** Opening Record excerpts block **
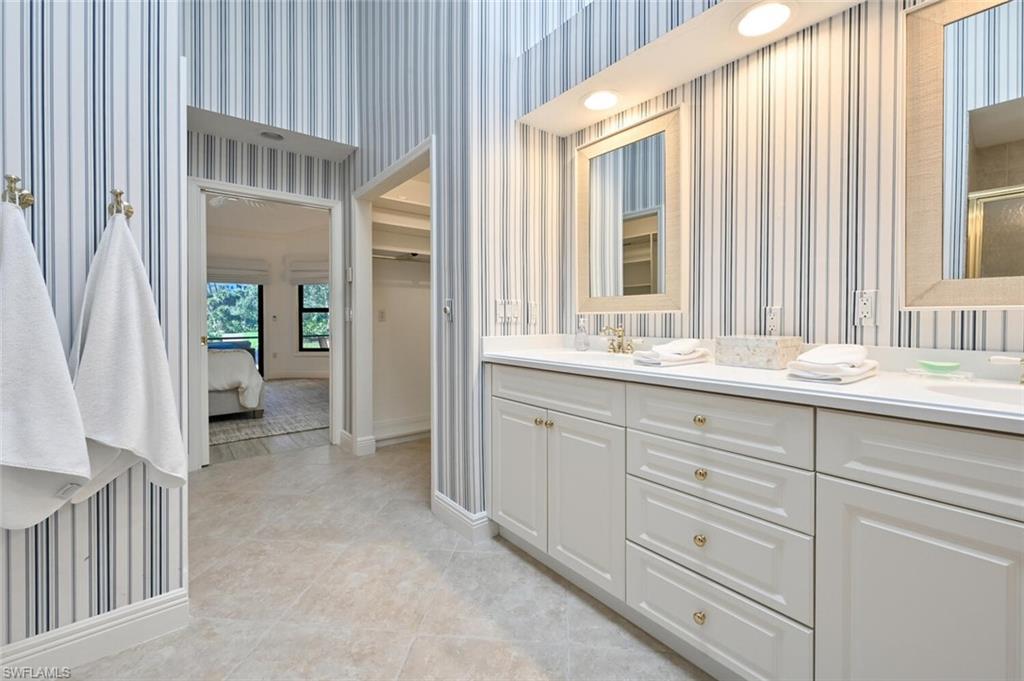 VILLAS AT PELICAN BAY - Residential Lease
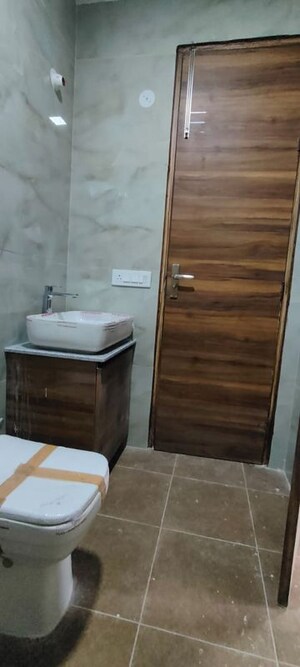 Bathroom in 2 BHK Builder Floor at Sector 40 – for Rent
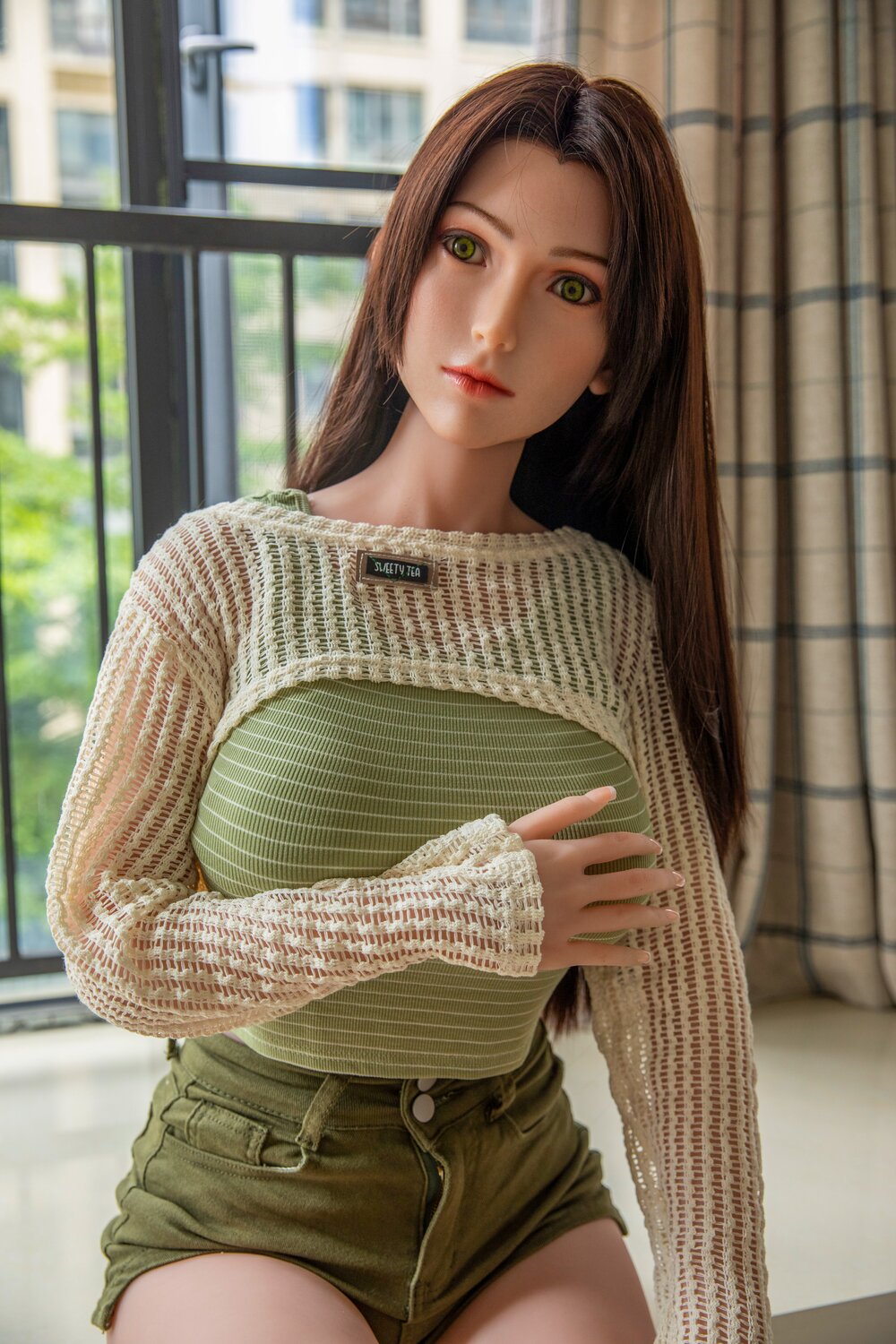 The 170 cm D-cup sex doll is like a sexy model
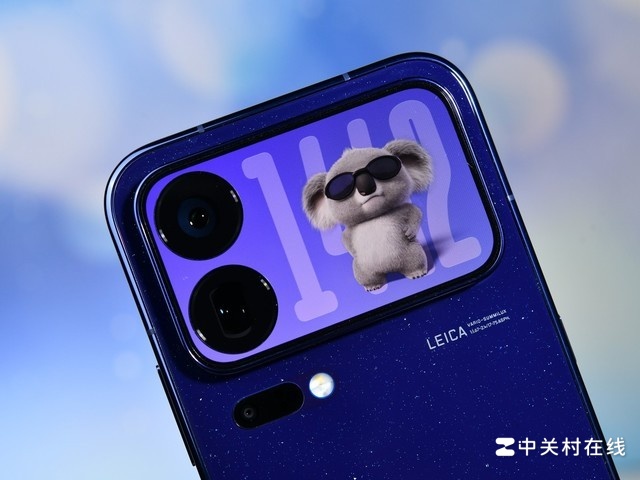 Cận cảnh Xiaomi 18 Pro Max màu xanh về màn hình phụ hiển thị mặt đồng hồ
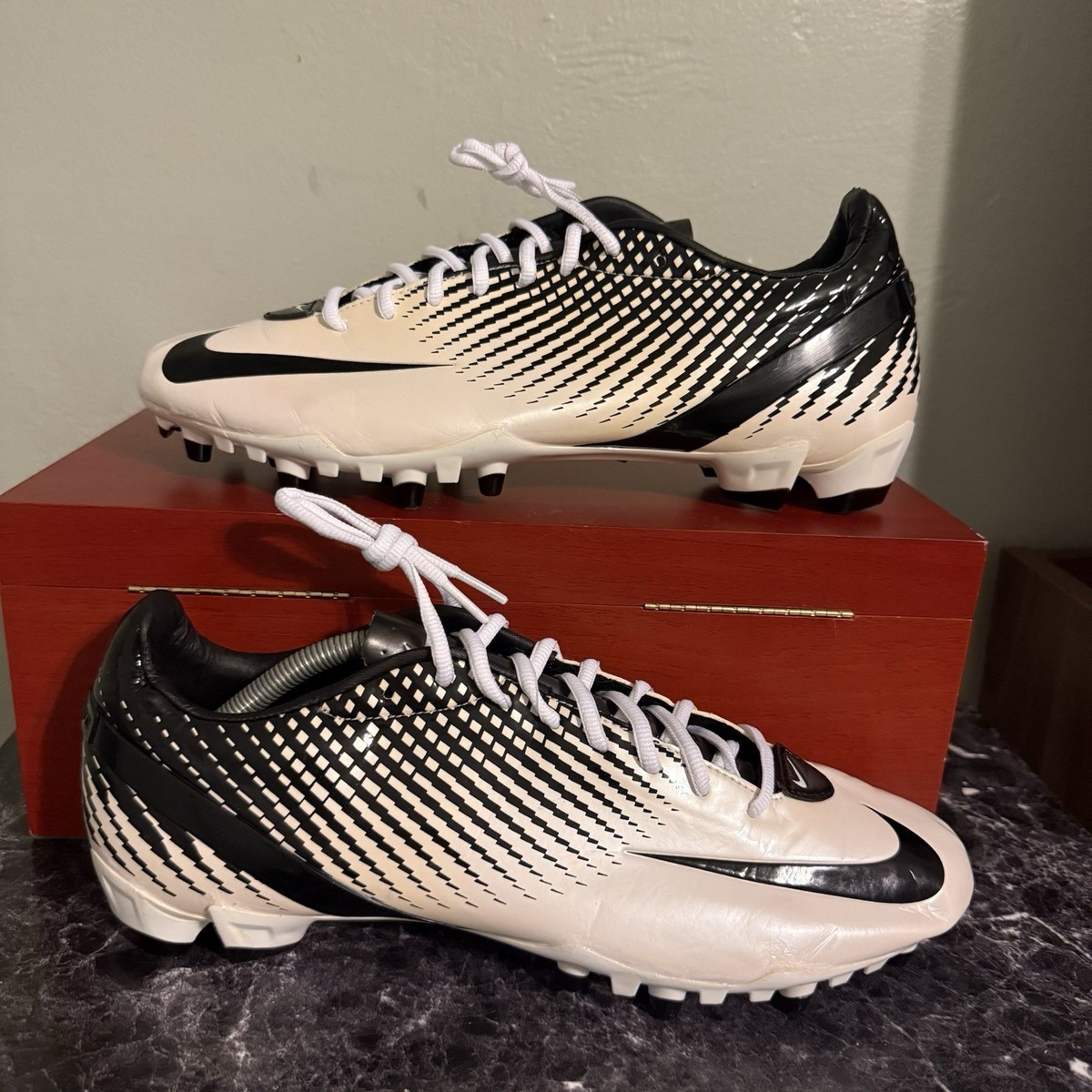 NIKE MENS 11 NIKE ALPHA VAPOR CARBON ONE FOOTBALL CLEATS CLEAT BLACK WHITE | eBay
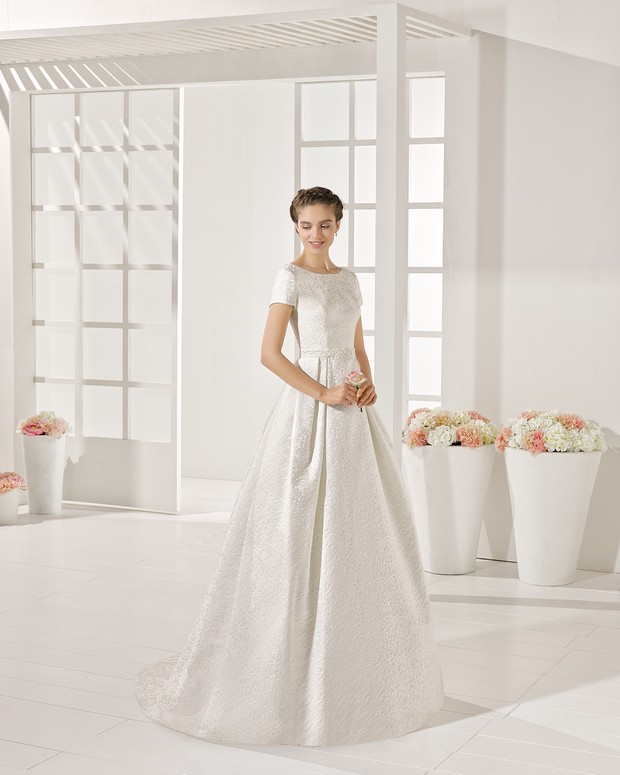 The Clic Contemporary Luna Novias 2017 Collection The Clic Contemporary Luna Novias 2017 Collection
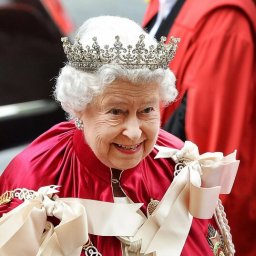 ЕЕ величество королева..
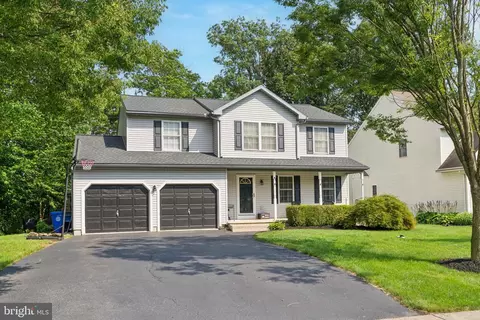 206 Clarion Dr, Douglassville, PA 19518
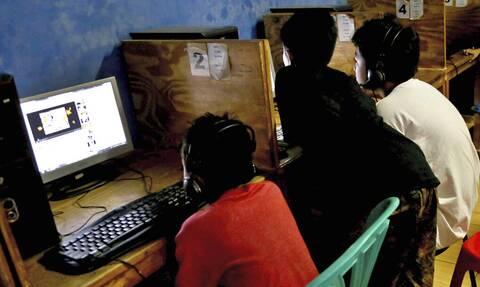 ΕΕ: Νέα στρατηγική των «27» για την προστασία και την ενδυνάμωση των παιδιών στο διαδίκτυο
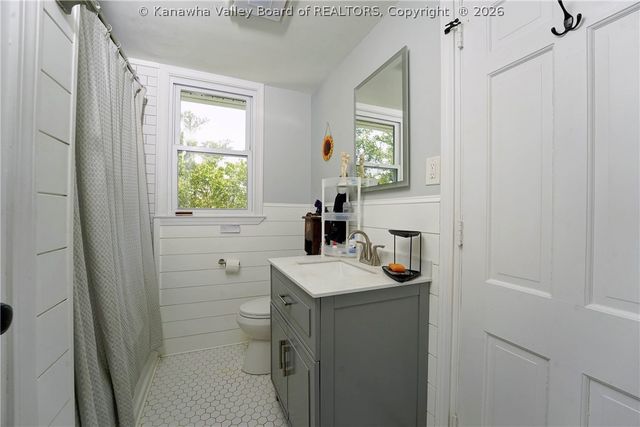 1575 Pine Hill Road, Charleston, WV 25314
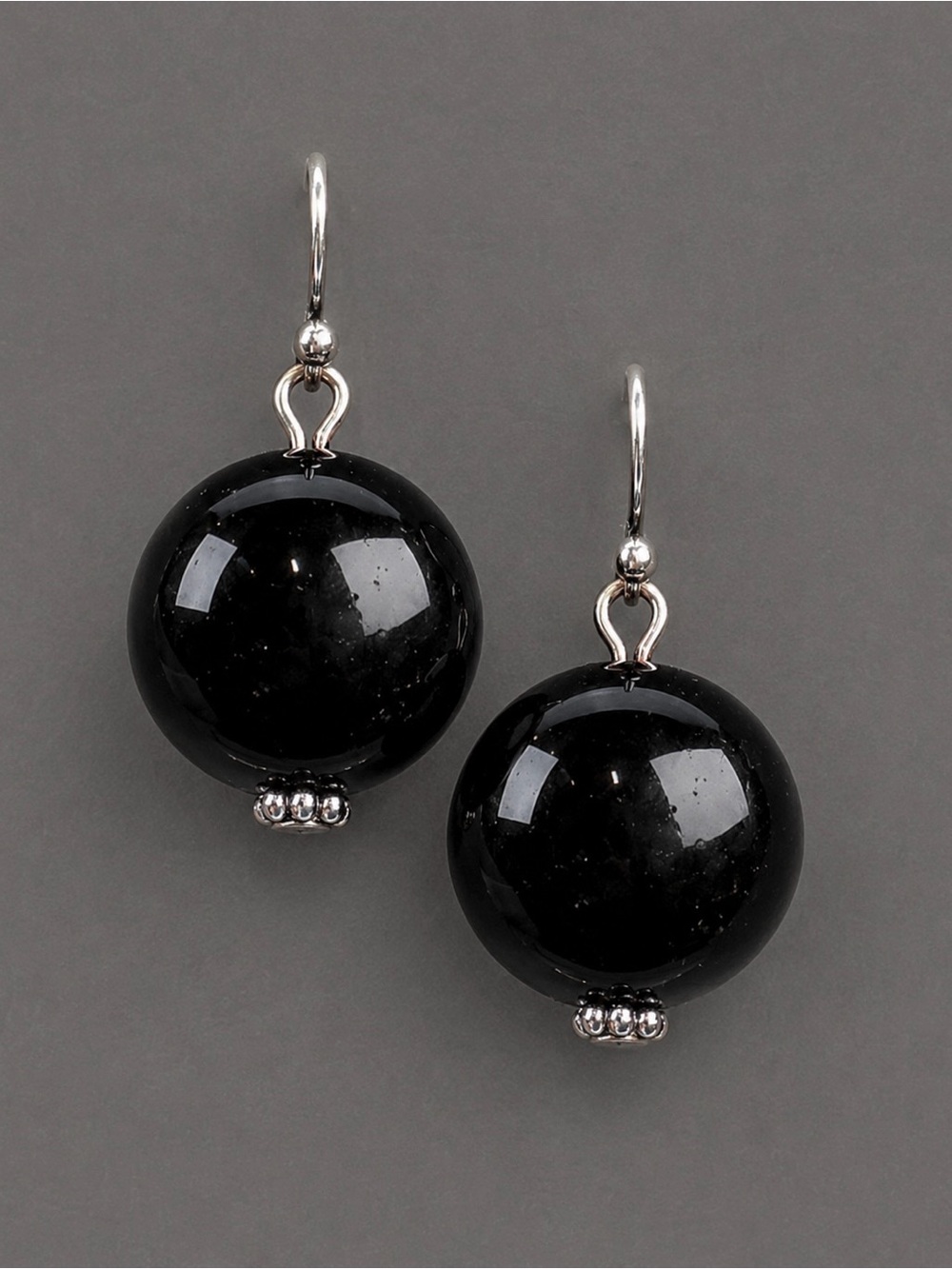 Vintage Black Bead Drop Dangle Earrings Silver Tone Pierced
** Closing Record excerpts block **
[About this task]
Reproduce exactly and only the lines from the one with "1575 Pine Hill Road, Charleston, WV 25314" through the last entry, both included, excluding every picture.

[Solution]
 1575 Pine Hill Road, Charleston, WV 25314
 Vintage Black Bead Drop Dangle Earrings Silver Tone Pierced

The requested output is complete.